Otis Redding est un chanteur de soul américain né le 9 septembre 1941 et décédé le 10 décembre 1967 a la suite d'un accident d'avion. Écouter les disques d'
Otis Redding aujourd'hui c'est se plonger dans une nébuleuse de joie, d'amour et de passion, celle de l'enfance, celle du premier amour. On ne reste jamais indifférent la première fois qu'on entend une chanson d'
Otis Redding. En fait, ce n'est jamais vraiment la première fois puisqu'il nous semble déjà connaître cette voix, cette mélodie. Elles étaient là, au fond de nous mêmes. Écouter
Try A Little Tenderness c'est comme vivre une intense histoire d'amour en condensé.
Otis Redding savait communiquer tout cela grâce à sa voix unique, à son timbre inimitable trempé dans le blues. Il était capable de mettre à nu l'âme humaine. Plus que quiconque, il excellait dans l'art de la soul music, ce chant profane et sacré nourri de la lumière crue du Sud, de l'air chaud, humide et poussiéreux de Géorgie, du Mississippi, et de plusieurs siècles de tourment et de souffrance. Car si la vie est si belle c'est parce qu'elle doit avoir une fin.
Le 10 décembre 1967
Otis Redding disparaissait dans un accident d'avion à l'âge de 26 ans. Moins d'un mois plus tard, son chef-d'oeuvre posthume, la chanson
(Sittin' On) The Dock of The Bay, se plaçait à la première place des charts pop et R'n'B.

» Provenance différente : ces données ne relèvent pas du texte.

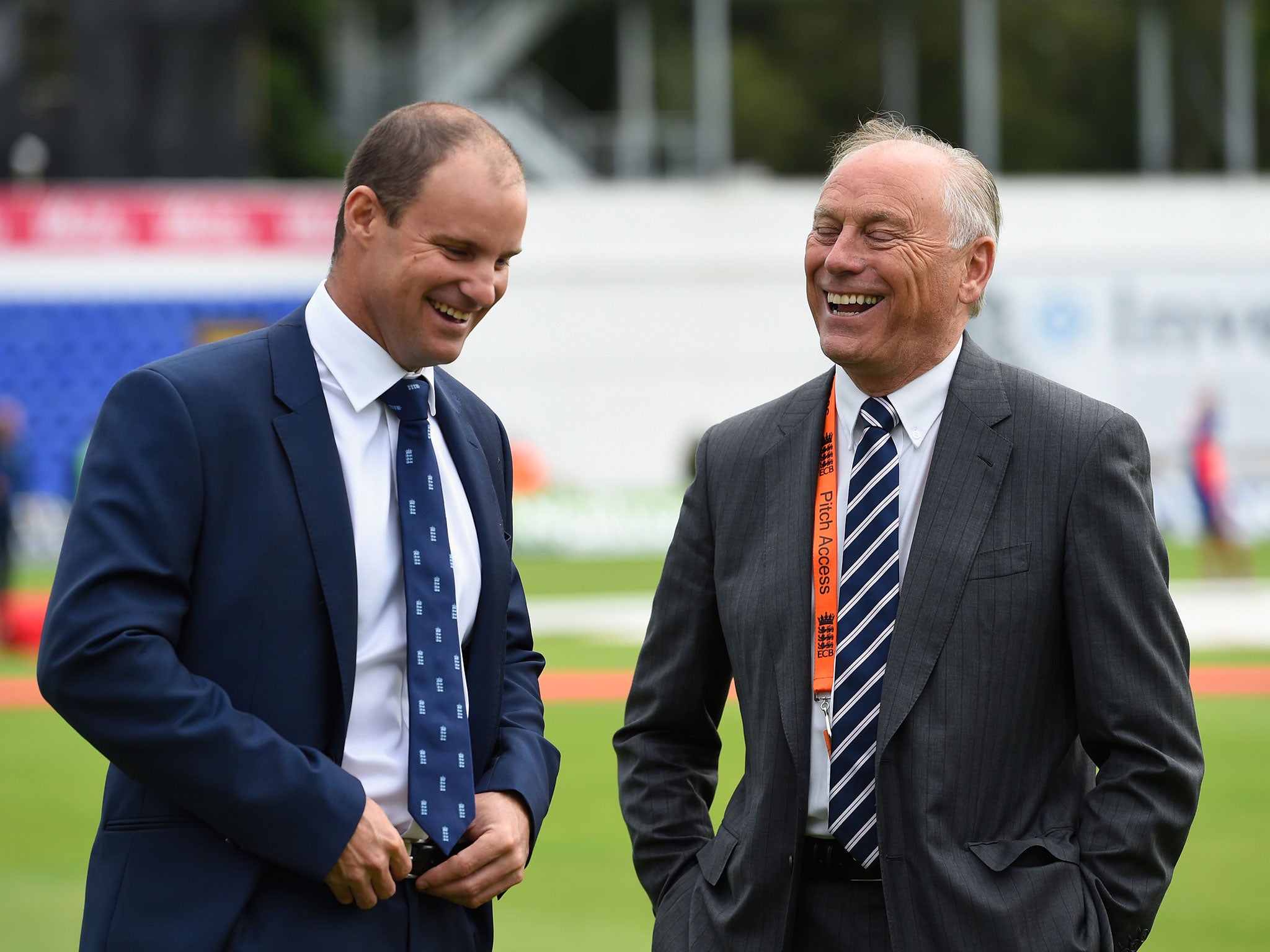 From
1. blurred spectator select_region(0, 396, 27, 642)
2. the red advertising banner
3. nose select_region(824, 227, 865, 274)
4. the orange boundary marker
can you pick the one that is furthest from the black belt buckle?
the red advertising banner

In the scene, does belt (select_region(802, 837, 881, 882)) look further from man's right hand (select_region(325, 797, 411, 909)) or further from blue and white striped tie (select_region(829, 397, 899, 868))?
man's right hand (select_region(325, 797, 411, 909))

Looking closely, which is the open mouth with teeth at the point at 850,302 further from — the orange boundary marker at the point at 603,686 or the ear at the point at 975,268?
the orange boundary marker at the point at 603,686

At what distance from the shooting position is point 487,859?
8.96 feet

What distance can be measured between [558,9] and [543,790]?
29.8 metres

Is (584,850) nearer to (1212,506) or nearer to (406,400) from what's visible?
(406,400)

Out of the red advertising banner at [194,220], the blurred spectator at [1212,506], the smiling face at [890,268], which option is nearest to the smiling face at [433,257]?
the smiling face at [890,268]

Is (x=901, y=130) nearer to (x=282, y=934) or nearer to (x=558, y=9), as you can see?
(x=282, y=934)

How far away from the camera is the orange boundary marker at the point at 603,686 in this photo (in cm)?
1100

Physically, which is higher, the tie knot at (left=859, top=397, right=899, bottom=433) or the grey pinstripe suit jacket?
the tie knot at (left=859, top=397, right=899, bottom=433)

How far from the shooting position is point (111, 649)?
238 cm

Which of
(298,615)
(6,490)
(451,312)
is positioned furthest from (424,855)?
(6,490)

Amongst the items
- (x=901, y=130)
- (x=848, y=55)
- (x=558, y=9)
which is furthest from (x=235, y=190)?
(x=901, y=130)

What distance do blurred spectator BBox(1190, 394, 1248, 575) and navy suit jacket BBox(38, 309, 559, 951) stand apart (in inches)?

Otis Redding n'était pas le premier jeune chanteur de l'histoire de la pop music à périr tragiquement.
La mort prématurée d'
Eddie Cochran, de
Buddy Holly ou de
Sam Cooke avait déjà endeuillé la jeunesse des années cinquante et soixante. Et beaucoup suivraient (
Brian Jones,
Jim Morrison,
Jimi Hendrix,
Janis Joplin...). Mais avec
Otis Redding sombrait, pour un temps, l'espoir de voir définitivement tomber les frontières qui séparent la musique populaire noire de la blanche. Car
Otis Redding était parvenu, à l'apogée de sa carrière, à faire le lien entre ces deux courants de musique et à réunir deux publics jusqu'alors inconciliables, d'un côté celui du blues, du
rhythm'n'blues et de la
soul, de l'autre celui du
rock'n'roll et de la
pop. Les raisons d'une telle réussite sont à chercher à la fois dans le contexte particulier de l'époque et dans la singularité du personnage.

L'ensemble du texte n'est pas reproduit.